Having said that, it is technologically worth studying.
I'm still sure as ever Microsoft is no friend of free (as in Freedom, not price) software and can't help but shake my head at this latest publicity stunt. I wouldn't trust their software any further than I throw it.
That open letter had nothing to do open source (i.e libre) software as we understand the term today. It was simply asking hobbyists to pay for Altair BASIC which was not distributed under an open source license.
I don't see how that's anything but reasonable unless you take the position that all software ought to be open source regardless the creators wishes.
Bill wrote his letter 21 years before this definition materialized and it actually served to inspire the free software/open source concept altogether.
> There is a viable alternative to the problems raised by Bill Gates in his irate letter to computer hobbyists concerning "ripping off" software. When software is free, or so inexpensive that it's easier to pay for it than to duplicate it, then it won't be "stolen".
Microsoft of today is only interested in one thing: earning money.

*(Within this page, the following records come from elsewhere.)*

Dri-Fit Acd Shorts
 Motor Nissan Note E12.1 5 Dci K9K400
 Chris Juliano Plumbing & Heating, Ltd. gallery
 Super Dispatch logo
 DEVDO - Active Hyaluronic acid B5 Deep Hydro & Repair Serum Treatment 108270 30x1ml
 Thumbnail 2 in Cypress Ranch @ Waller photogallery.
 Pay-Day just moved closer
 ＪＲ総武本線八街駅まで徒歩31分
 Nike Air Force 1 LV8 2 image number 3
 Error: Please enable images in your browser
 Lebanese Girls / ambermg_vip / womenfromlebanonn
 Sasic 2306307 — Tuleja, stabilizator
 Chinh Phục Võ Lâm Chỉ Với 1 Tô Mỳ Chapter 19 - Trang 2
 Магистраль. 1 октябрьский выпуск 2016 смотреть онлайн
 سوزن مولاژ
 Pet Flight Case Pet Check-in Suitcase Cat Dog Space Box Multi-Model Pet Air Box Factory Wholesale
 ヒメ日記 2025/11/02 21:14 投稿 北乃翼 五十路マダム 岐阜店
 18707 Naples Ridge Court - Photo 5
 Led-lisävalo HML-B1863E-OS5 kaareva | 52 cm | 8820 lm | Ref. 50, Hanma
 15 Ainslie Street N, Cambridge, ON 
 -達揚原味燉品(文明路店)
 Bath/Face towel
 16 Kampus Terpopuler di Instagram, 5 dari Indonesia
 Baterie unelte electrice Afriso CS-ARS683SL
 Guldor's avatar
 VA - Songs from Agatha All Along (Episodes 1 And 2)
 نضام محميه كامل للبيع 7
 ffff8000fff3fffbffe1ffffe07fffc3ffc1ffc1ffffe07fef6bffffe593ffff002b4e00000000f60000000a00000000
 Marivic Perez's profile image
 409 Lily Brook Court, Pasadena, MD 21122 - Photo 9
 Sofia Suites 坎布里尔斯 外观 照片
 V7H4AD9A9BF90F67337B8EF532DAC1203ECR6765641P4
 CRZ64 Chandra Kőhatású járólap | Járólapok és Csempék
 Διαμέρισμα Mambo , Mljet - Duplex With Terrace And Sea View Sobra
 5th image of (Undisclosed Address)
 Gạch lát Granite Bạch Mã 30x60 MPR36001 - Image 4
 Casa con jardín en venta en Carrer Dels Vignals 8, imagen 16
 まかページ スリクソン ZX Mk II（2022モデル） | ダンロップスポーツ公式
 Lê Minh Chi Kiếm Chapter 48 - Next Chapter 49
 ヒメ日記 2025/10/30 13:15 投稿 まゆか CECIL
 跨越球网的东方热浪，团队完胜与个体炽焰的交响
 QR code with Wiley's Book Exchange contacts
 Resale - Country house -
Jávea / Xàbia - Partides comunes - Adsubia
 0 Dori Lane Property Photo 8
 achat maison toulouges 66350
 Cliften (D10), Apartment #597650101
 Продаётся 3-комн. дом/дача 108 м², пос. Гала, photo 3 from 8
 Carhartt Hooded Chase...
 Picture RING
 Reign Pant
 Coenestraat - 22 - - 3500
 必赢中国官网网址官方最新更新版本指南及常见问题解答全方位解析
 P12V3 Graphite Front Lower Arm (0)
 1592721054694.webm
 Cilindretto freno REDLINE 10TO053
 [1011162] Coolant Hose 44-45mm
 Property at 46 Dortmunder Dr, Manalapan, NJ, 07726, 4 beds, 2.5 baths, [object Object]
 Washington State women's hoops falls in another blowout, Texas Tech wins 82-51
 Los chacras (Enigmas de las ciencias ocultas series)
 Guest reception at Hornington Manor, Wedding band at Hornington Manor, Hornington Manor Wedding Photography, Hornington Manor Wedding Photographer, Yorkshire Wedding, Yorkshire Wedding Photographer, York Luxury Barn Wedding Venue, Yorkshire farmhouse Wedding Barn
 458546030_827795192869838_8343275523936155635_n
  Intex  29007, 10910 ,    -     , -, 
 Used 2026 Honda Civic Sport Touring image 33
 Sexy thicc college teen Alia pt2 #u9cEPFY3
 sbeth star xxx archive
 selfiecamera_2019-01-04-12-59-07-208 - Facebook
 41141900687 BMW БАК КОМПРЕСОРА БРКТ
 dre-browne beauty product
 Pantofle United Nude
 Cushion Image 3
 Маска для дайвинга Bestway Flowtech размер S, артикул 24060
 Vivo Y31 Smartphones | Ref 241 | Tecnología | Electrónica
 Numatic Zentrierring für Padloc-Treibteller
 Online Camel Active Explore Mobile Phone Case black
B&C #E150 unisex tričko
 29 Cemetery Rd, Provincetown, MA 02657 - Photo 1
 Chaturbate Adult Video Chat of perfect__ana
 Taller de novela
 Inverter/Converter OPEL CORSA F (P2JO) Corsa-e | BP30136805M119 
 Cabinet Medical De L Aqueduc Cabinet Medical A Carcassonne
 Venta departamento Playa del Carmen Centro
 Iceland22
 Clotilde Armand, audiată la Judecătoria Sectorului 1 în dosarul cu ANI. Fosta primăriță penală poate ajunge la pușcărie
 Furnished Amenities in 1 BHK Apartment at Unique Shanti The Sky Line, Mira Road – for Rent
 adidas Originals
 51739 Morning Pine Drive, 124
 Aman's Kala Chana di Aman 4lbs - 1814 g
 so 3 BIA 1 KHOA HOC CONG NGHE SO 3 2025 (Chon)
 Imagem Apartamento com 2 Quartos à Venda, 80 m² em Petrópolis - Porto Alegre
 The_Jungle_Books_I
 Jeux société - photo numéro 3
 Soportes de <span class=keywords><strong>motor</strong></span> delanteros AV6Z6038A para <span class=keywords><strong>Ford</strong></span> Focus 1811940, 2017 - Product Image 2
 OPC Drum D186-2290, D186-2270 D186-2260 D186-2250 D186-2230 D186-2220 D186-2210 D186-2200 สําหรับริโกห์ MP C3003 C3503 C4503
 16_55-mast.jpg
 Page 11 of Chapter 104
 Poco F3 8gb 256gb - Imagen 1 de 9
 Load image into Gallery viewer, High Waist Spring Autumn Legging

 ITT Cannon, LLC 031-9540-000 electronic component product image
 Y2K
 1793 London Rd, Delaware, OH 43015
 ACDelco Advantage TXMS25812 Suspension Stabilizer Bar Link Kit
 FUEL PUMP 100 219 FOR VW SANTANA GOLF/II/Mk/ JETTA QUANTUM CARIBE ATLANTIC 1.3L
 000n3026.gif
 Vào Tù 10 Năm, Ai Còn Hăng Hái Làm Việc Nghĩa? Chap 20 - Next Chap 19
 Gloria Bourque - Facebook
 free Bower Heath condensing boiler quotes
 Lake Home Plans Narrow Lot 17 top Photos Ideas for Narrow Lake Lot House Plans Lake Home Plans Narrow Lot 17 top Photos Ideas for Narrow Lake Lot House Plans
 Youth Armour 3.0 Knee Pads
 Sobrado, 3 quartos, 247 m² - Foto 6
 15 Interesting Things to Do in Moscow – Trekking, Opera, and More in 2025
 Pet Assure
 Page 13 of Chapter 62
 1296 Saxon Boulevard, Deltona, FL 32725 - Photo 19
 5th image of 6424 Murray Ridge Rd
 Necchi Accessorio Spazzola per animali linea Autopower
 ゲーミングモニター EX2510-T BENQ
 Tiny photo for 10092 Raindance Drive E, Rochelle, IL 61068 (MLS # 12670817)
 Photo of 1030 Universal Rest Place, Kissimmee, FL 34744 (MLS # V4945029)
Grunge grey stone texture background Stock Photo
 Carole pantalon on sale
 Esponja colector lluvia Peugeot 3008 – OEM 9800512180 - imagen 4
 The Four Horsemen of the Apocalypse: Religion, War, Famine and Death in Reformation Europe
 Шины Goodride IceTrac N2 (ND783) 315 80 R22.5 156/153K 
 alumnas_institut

Like any other corporation. if contributing to free software earns money (Azure, Developer mindshare, Store) they will do it. And the Linux foundation knows how to defend itself IP wise.
It is about earning money. RedHat does it. Microsoft does it.
They still don't have a terminal application that deserves the name. The crap they built into the Ubuntu app is still the same torturous parody that's used in the DOS cmd interpreter. Even Cygwin has a much better terminal than that.
Too many free / non-free / Linux / OSS ideologues.
Does this let users do more? Does this give users more options? This is a good, practical feature. I'm excited to, hopefully soon, fully ditch Linux on desktop for something that actually works.
This system even installs new Microsoft software and tracks all your actions without any respect for you turning it off. Finally you can forget about the pain of deciding what is going on in your computer. Microsoft just knows the best so it indeed "just works(TM)". /s
I already use WSL1 as my main setup for web dev at work. If Windows comes to a point where doing anything doesn't immediately make the fan spin to maximum RPM, I'll be very happy to call Windows my digital home.
These words are not made up by journalists, these are the exact words Microsoft used internally.
They do this, every. Single. Time.
Everyone keeps falling for it, talking proudly about how MS changed so much and they are now somehow totally turned around. Yes.. ok, whatever you need to believe in. Just be warned, they will utterly drstroy everything they come into contact with.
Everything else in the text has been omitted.